> Exercise aim:
An exact reproduction of the listing, minus the pictures, is the required output.

(Input data begins)

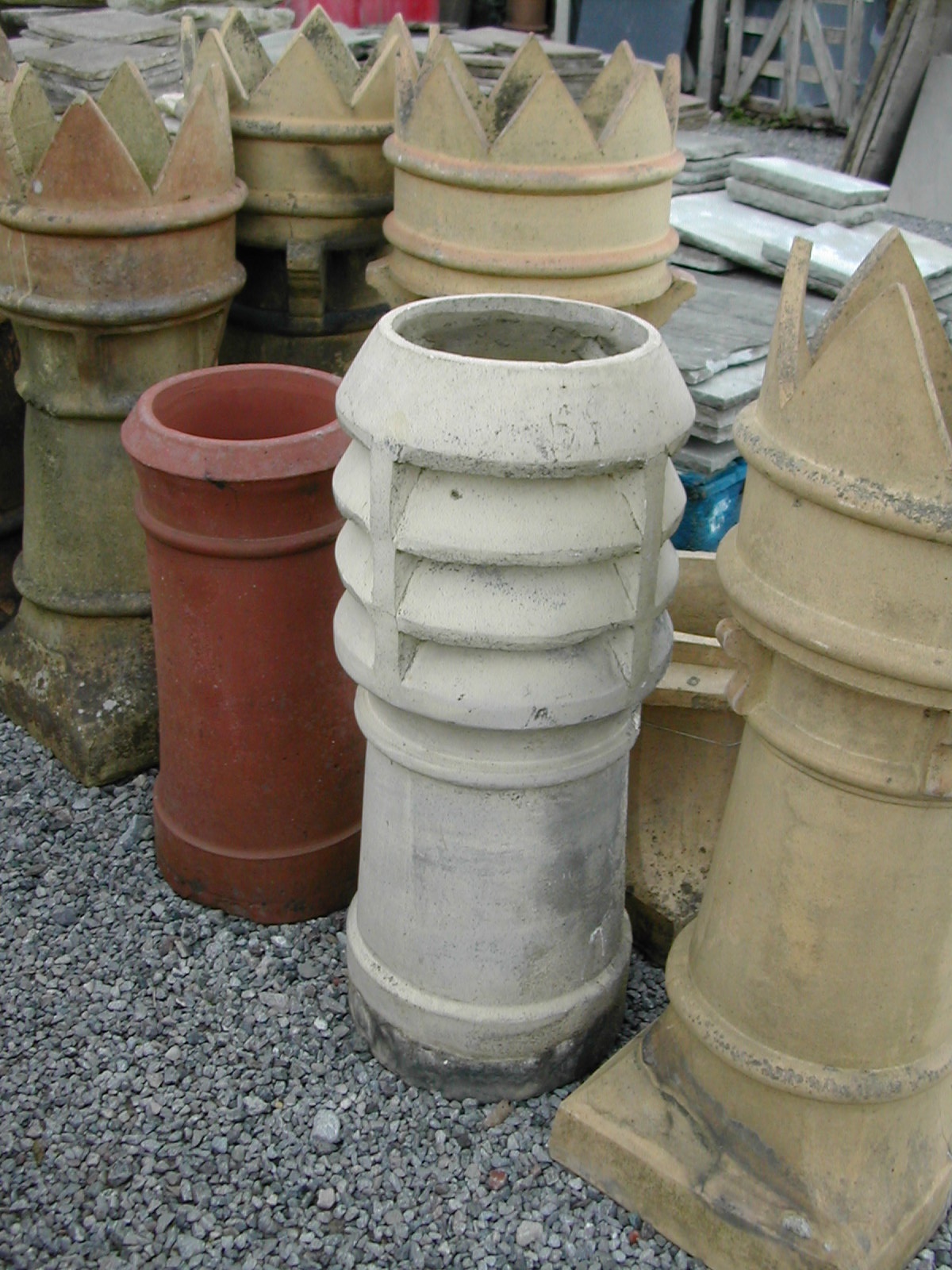 bensreckyard photo Louvered chimney pot 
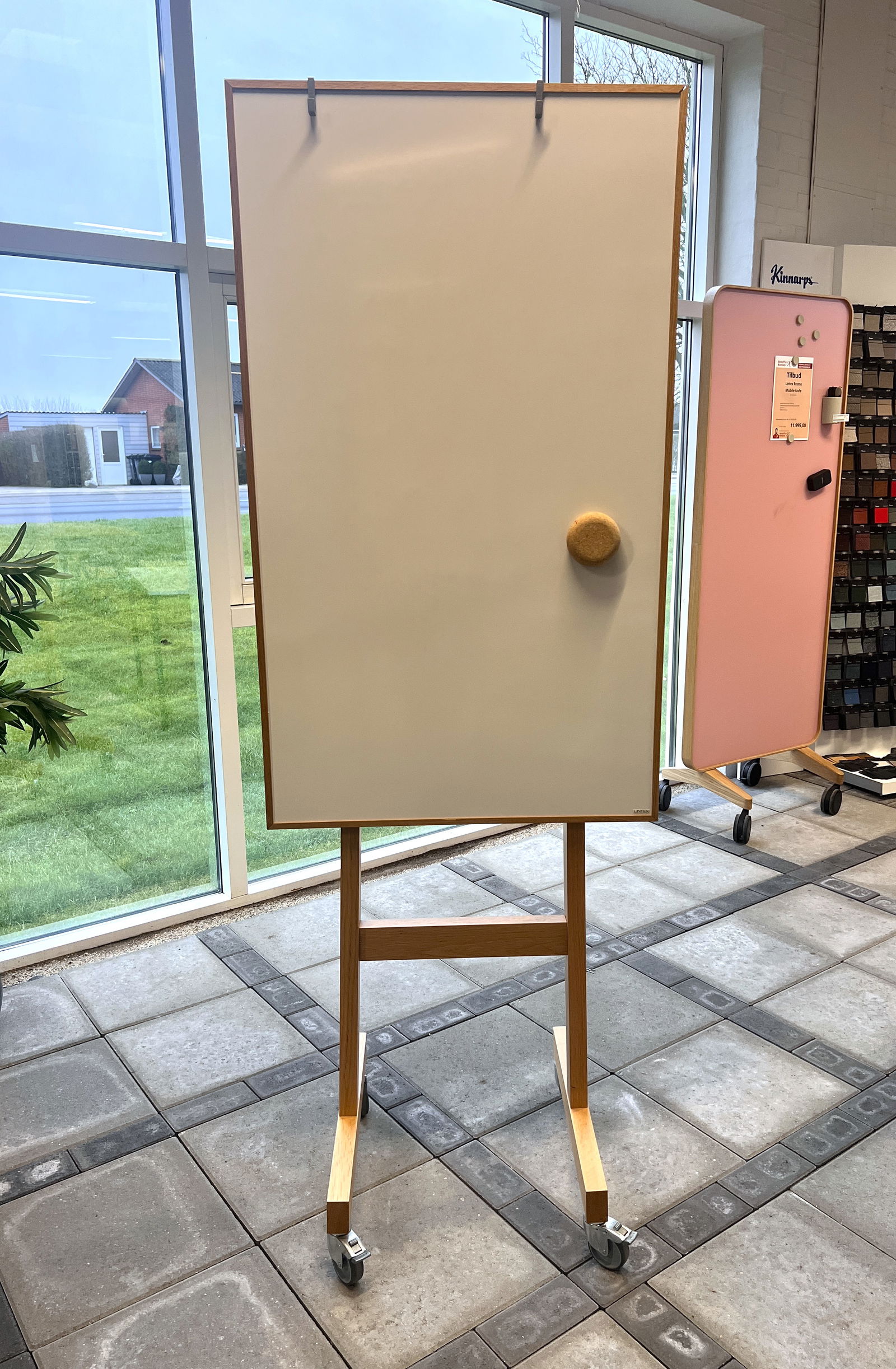 Lintex Wood mobiltavle eg-whiteboard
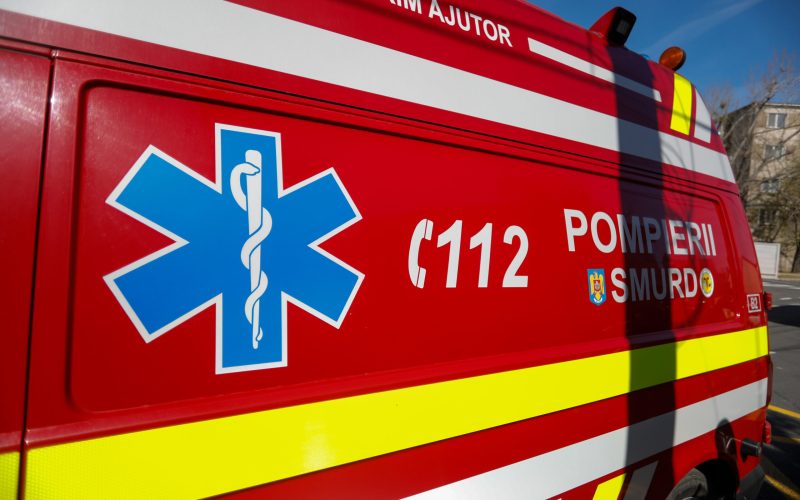 Incendiu la spital de Psihiatrie din Harghita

(Input data ends)

> Answer to the exercise:
 bensreckyard photo Louvered chimney pot 
 Lintex Wood mobiltavle eg-whiteboard
 Incendiu la spital de Psihiatrie din Harghita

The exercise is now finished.